Records for this task:
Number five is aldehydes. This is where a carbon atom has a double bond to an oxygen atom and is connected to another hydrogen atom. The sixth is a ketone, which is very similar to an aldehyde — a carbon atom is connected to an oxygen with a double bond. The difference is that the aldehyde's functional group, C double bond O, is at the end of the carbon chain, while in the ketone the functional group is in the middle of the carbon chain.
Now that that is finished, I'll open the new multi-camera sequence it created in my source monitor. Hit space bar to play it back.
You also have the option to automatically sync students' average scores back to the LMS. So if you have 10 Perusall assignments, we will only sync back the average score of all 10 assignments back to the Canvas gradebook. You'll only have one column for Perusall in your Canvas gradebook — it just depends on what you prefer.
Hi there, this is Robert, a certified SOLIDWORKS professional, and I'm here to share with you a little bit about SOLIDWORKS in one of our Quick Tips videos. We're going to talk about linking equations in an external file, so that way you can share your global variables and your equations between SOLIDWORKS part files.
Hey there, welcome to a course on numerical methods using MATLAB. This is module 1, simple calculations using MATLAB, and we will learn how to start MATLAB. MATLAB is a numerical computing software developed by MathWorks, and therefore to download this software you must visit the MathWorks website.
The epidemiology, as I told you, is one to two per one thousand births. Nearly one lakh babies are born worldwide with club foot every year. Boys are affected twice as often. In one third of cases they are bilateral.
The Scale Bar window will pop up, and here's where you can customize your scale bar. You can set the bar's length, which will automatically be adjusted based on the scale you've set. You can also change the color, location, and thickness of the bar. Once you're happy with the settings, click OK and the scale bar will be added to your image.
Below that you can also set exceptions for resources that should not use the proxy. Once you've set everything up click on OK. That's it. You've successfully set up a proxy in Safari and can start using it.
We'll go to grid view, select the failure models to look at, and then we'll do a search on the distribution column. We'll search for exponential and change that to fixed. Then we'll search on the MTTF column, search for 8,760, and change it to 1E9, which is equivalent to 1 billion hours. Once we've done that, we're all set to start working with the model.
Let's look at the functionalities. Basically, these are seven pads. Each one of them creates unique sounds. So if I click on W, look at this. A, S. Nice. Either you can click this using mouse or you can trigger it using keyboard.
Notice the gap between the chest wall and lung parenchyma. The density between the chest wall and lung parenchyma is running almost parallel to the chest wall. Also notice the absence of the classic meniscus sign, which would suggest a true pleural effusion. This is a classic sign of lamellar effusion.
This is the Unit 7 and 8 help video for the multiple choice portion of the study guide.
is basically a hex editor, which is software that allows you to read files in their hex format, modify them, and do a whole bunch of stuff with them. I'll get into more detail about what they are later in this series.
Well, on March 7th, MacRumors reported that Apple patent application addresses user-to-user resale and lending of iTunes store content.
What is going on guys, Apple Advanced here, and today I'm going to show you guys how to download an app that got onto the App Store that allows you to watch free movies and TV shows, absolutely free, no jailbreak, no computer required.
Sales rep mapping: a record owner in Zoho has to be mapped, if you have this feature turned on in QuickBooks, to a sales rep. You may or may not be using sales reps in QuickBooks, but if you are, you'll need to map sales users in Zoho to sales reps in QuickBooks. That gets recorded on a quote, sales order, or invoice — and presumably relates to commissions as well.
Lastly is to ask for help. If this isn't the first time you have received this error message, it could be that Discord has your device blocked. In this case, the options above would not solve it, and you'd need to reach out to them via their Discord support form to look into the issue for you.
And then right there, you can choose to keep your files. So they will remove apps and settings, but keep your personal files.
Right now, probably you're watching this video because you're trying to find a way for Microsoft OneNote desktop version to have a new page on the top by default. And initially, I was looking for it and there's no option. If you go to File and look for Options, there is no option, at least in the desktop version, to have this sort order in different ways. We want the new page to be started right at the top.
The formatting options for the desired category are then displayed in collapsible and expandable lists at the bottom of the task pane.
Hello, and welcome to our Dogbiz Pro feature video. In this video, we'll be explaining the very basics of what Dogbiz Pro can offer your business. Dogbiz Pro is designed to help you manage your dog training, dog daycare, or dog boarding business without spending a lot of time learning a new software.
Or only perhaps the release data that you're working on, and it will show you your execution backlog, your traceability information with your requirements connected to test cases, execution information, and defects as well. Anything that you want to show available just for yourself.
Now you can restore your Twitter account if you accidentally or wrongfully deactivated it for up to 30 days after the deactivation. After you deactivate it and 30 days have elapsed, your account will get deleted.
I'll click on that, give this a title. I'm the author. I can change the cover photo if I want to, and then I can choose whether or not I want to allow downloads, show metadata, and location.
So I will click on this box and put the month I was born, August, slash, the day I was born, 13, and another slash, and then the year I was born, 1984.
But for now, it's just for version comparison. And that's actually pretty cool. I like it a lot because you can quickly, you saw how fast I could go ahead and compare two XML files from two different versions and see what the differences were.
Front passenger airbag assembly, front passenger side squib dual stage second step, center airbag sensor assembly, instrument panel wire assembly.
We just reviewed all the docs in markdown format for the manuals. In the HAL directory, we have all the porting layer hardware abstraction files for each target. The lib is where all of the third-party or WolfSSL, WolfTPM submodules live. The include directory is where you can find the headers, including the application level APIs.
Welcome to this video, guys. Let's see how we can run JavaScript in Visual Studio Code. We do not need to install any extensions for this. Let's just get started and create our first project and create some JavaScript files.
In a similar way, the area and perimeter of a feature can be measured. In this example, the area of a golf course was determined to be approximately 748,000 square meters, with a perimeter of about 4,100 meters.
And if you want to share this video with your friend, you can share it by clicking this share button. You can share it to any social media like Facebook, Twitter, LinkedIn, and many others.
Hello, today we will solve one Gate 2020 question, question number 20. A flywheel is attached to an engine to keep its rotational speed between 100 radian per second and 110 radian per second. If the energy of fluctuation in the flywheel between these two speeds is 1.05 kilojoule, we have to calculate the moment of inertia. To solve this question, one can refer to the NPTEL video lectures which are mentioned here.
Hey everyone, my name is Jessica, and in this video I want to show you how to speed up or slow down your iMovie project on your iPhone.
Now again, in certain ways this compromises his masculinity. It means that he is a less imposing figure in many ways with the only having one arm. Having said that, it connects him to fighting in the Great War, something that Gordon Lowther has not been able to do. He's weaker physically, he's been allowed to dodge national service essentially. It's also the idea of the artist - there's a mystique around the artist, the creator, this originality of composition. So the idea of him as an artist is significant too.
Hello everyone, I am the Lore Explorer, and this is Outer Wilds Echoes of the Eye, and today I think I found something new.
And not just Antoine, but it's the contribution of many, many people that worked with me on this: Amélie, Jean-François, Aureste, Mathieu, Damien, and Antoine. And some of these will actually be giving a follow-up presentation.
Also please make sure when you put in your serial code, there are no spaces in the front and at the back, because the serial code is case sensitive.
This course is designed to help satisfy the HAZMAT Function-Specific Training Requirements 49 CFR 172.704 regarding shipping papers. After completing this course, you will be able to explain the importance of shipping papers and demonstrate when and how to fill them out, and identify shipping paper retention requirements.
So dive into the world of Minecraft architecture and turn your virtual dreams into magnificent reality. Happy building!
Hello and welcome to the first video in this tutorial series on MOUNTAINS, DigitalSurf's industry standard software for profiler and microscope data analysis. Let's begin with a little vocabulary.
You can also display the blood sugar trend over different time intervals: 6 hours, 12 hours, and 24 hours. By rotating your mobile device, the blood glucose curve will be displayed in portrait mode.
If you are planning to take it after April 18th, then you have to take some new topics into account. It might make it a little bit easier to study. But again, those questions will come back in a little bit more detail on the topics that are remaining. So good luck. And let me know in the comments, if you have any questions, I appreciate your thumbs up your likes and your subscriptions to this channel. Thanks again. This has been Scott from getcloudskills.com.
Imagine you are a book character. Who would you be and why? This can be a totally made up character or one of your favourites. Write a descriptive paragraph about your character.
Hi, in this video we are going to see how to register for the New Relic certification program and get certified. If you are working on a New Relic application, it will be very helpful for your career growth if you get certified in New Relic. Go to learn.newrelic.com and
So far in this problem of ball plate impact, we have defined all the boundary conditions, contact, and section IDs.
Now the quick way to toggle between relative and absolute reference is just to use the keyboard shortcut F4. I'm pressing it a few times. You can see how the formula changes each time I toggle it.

Exercise requirements: Find where the line with "So dive into" sits in the material above, then copy exactly from it through the line with "Hello and welcome". Add no other line.

Exercise response:
So dive into the world of Minecraft architecture and turn your virtual dreams into magnificent reality. Happy building!
Hello and welcome to the first video in this tutorial series on MOUNTAINS, DigitalSurf's industry standard software for profiler and microscope data analysis. Let's begin with a little vocabulary.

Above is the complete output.